Korrespondenz aus Saarbrücken

Es wäre m. E. durchaus denkbar, den gleichen Transport an die Grenzen zu machen, anstatt an die Häfen. Das Schienen- und Straßennetz in der Ukraine ist eines der Größten auf der Welt und scheint ja zum größten Teil noch in Ordnung zu sein. Die verschiedenen Spurweiten der Bahnen sind sicher ein Problem. Aber seit 1926 werden Züge von der sowjetischen auf die Spurweite anderer Länder umgespurt.

 

Tatsache ist auch, dass es eine Breitspurlinie (in der Ukraine und anderen ehemaligen Ländern der Sowjetunion werden Breitspurlinien benutzt) zwischen Polen und der Ukraine gibt. Und die Organisation für die Zusammenarbeit der Eisenbahnen OSJD berichtet 2020 von einem Zug, der ohne Umspurung von Xiang, China über Polen in die EU einfuhr. Es gibt auch Umspuranlagen in der Ukraine für Züge nach Polen, Rumänien oder die Slowakei.

 

In mindestens neun europäischen Ländern werden Züge und Waggons für verschiedene Spurweiten umgespurt, für einen Güterzug mit 44 Wagen dauert das z. B. in Cerbére / Frankreich (für den Verkehr mit Spanien) ca. zwei Stunden.

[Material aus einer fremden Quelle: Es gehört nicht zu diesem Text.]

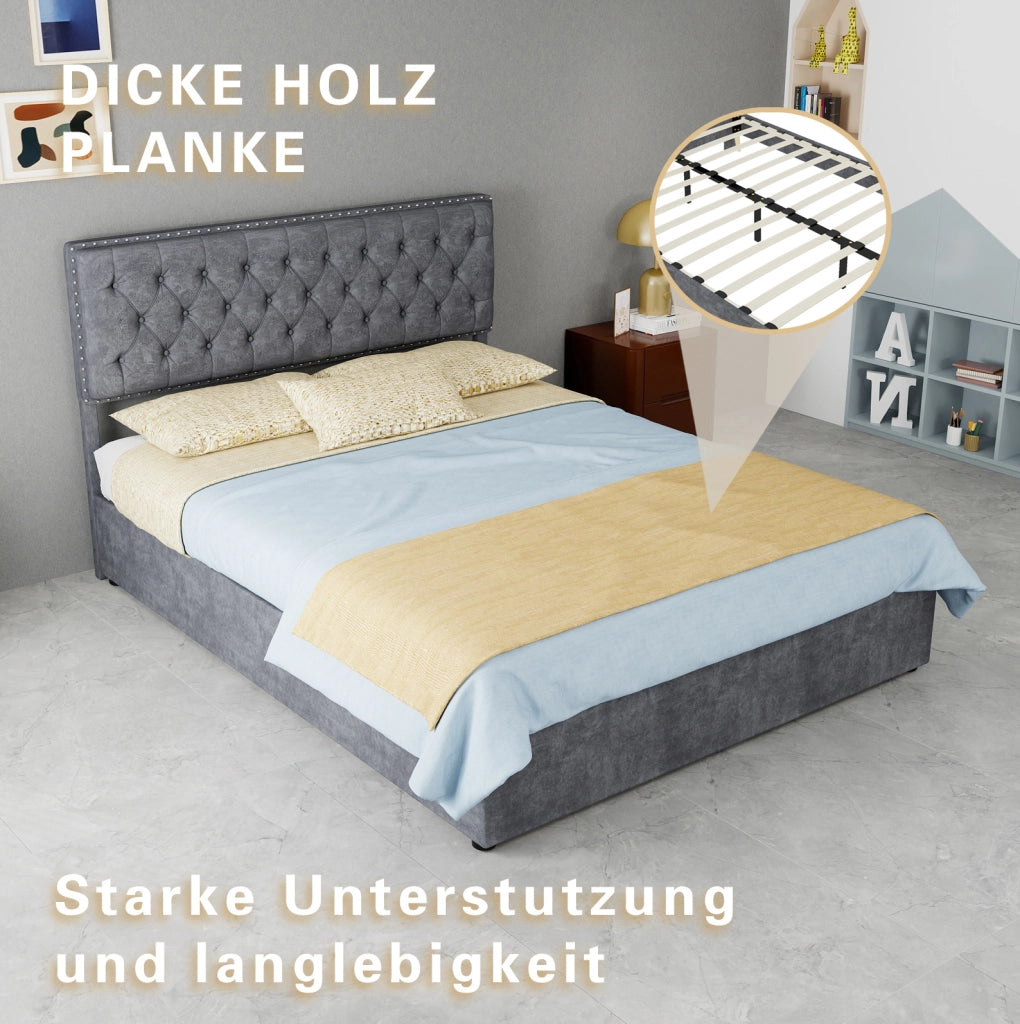 Letto 140x200 cm in velluto olandese grigio con testiera alta e doghe in legno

Was Du unerwähnt lässt ist, dass LKW mit ukrainischem Getreide nach Rumänien tagelang nicht in die EU hineingelassen werden, nach Polen stehen sie z.T. 19 Tage bis zur Abfertigung! (lt. ARD oder ZDF)

 

Daraus folgt doch: Sowohl die Ukraine, als auch Russland behindern zumindest den Getreidetransport (Angriff Russlands, Verminung der Häfen durch die Ukraine). Die Transportfrage wird zumindest übertrieben, um Russland die Alleinverantwortung für die sich verschärfende Hungerkrise durch den Krieg anlasten zu können. Die EU ist Teil des Spiels, indem Grenzen für den Transport für LKW blockiert werden. Der Transport aus der Ukraine sei „logistisch schlicht unmöglich“. Diese Aussage halte ich für übertrieben. Im Gegenteil müssen wir doch fordern dass alle Möglichkeiten des Transports sofort ausgeschöpft werden müssen. Das muss auch eine Forderung im Friedenskampf werden.